I remember being at school and being the social outcast because I spent my evenings on the internet. Now I'm the social outcast because I'm not on the right part of the internet. People I used to hang out with stopped even sending texts of "Coming down to the pub?" or even just stopping by my house on their way past, saw them there one day by chance and they asked where I'd been and why I never came out any more, "we always post on facebook before coming out!". Once they adopted it they just assumed all others had.
Personally, I dislike it as an incredibly passive way to keep up with your friends. Log on, read a list of what usually consists of status texts, update your own, log out. Gone are the days of meeting someone and asking what they've been up to, you already know due to 5 word tags. I really dislike the fact that I can be tagged in pictures that other people have uploaded. I could see it have a use for reconnecting with people you've lost touch with (particularly if it was on bad terms, as the "someone you know" alert can help you determine if they are receptive without actually messaging them) but that's probably it.

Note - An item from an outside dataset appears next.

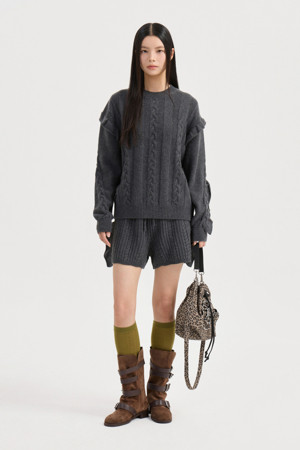 Entry Cable Knit Pullover (melange grey)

It's an incredibly intrusive website, for a long time it was impossible to DELETE an account only disable, iirc they were legally forced to change it. Any website with a facebook 'like' button on it will access cookies, and track where you have been, feeding the information back to facebook, which can then be combined to other websites that have tie-in's, facebook from phones can use this to actually map your whereabouts in the real-world and feed it to tracking. There was something a few years back if I recall that they were scanning every private message for a mention of failbook and blocking the entire message from being received which got them quite a bit of flak. I think the worst I've seen reported was that if someone tried to friend you, they changed the options to 'Yes' and 'Not Now', there was no decline option, and the 'Not Now' still allowed viewing access to the majority of your profile. Blergh, it provides a lot of entertainment to a lot of people so I cannot condemn it, but I certainly won't be using it any time soon (which will probably please employers).